UBS, the world's largest wealth management group and Europe's largest bank in terms of assets, noted in their UBS Metals Daily a Reuters news story on this development: 'China's wealthiest investors set for gold spree.'


"China's wealthiest investors are on the brink of ploughing as much as $68 billion into gold markets as they take profits from roaring share prices and steer clear of property, a top fund manager and bullion bull says. Wang Weilie, a pale, bespectacled 40-something who manages over 1 billion yuan ($135 million) on the Shanghai Gold Exchange on behalf of himself and clients, says the so-called "Zhejiang clique" are ready to pounce after Beijing opens up spot market bullion trading and a futures contract launches early next year. After amassing an estimated 3 trillion yuan ($400 billion) from investing in red-hot real estate and stock markets which have risen five-fold in the past two years, the wealthy group from eastern China is looking for the next sure bet. Wang says that's gold, and expects the amount of Chinese capital invested in the bullion market to soar 100-fold to some 500 billion yuan ($67.5 billion) in the next two years -- a sum that could catapult China ahead of India as the world's top buyer.

"We all agreed that upside room on stocks was limited, as was upside on property prices. But the gold price has only increased minimally, even after 20 years of China's reform and market opening," Wang told Reuters during a lunch with three business partners in Lujiazui, Shanghai's financial hub. Coupled with inflation and global economic uncertainty, the redirection of Chinese capital towards domestic gold contracts will help spot prices more than double, says Wang, who says he once cornered two-thirds of the Chinese gold forward contract. "Spot gold prices will hit $2,000 in coming years," he said. Spot gold touched a 28-year high of $845.40 per ounce in early November, nearly doubling over three years amid a flood of investment in the commodities complex -- much of it driven by China's growing demand for raw materials to fuel its economy. Wang expects more than 15 percent of the capital currently invested in China's stock market to move to gold trading. China's total market capitalization peaked at about 35 trillion yuan in October, exceeding the country's gross domestic product. The main stock index tumbled nearly 20 percent last month while Beijing has continued tightening controls over the property sector to limit price gains."

Predictions of a 100 fold or 10,000% increase in Chinese demand might sound irrationally exuberant at first glance but they are not. A 100 fold increase would only result in Chinese capital of some $67.5 billion flowing into gold. This is a large amount as gold is quite a small marketplace in terms of the total vaue of all above ground gold stocks. However considering that Baidu, the Chinese internet company has a market capitalisation of $13.3 billion alone it puts this likely increase in demand in perspective.

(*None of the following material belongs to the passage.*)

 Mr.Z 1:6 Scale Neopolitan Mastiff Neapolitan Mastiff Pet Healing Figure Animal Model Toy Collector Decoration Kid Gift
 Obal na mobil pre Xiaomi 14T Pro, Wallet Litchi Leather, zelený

This huge private demand is likely to be complimented by Chinese state and central bank investment in gold. An article in Reuters in May 2007 said that: “Chinese economists are urging Beijing to quadruple its gold reserves to 2,500 tonnes from the current 600 tonnes, because the country foreign exchange reserves had become the world's largest, an official industry newspaper reported on Tuesday.”

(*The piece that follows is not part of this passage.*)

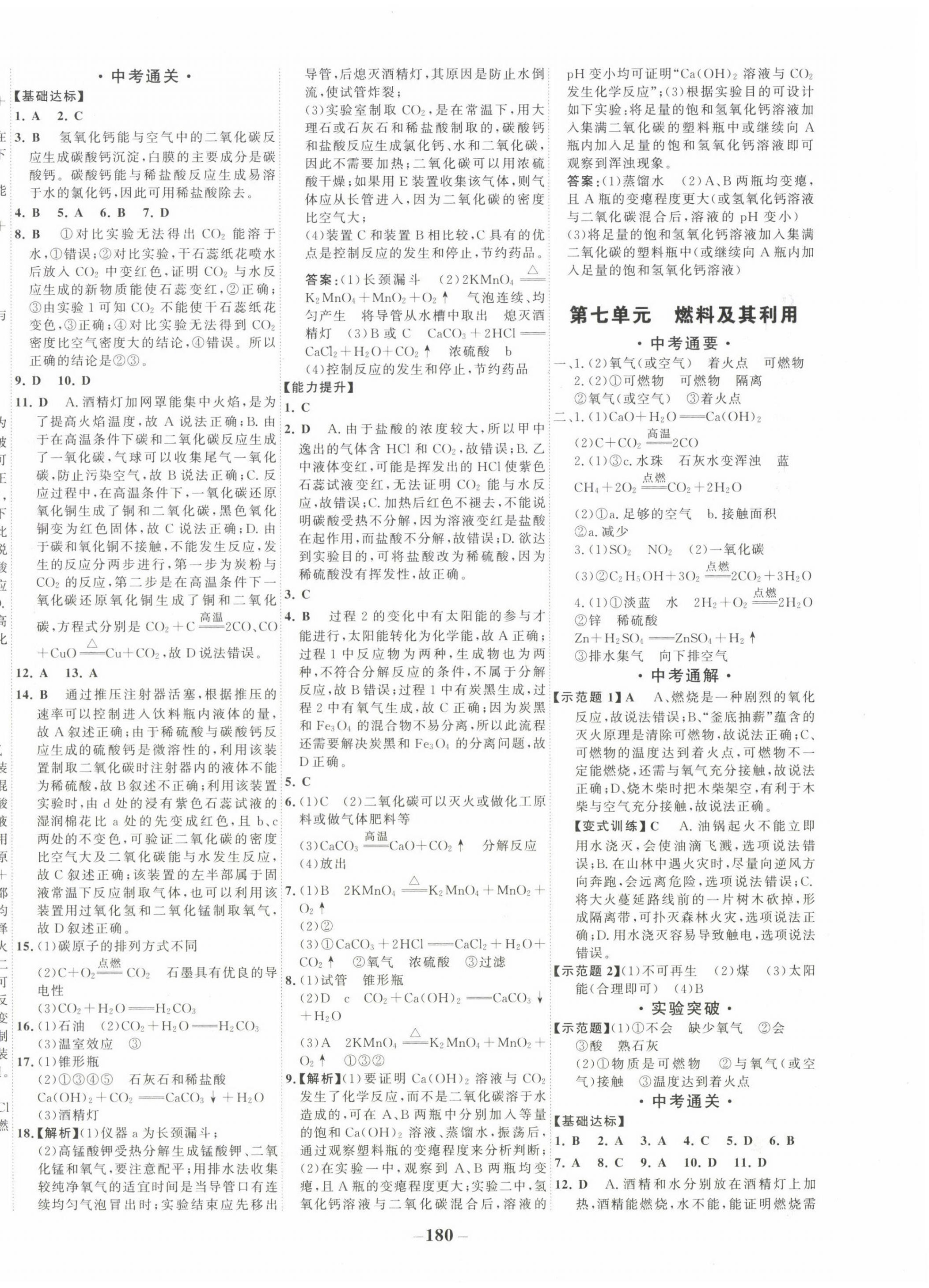 2023年中考通甘肃省中考复习指导与测试化学人教版 第8页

In addition to Russian and Chinese demand, Middle Eastern demand is very robust and increasing significantly quarter on quarter and year on year. Turkey's gold imports rose 22.4 percent year-on-year to 220 tonnes in the first 11 months of the year, data from the Istanbul Gold Exchange showed. Istanbul is a key supply hub into the Middle Eastern market. Geopolitical tension and macroeconomic risk in the region are being cited for the surge in gold imports.


Silver
Silver is trading at $14.61/62 at 1200 GMT.

PGMs
Platinum was trading at $1460/1464 (1200 GMT).
Spot palladium was trading at $344/350 an ounce (1200 GMT).

Oil
Oil stayed at just above $88 a barrel in early European trade Tuesday.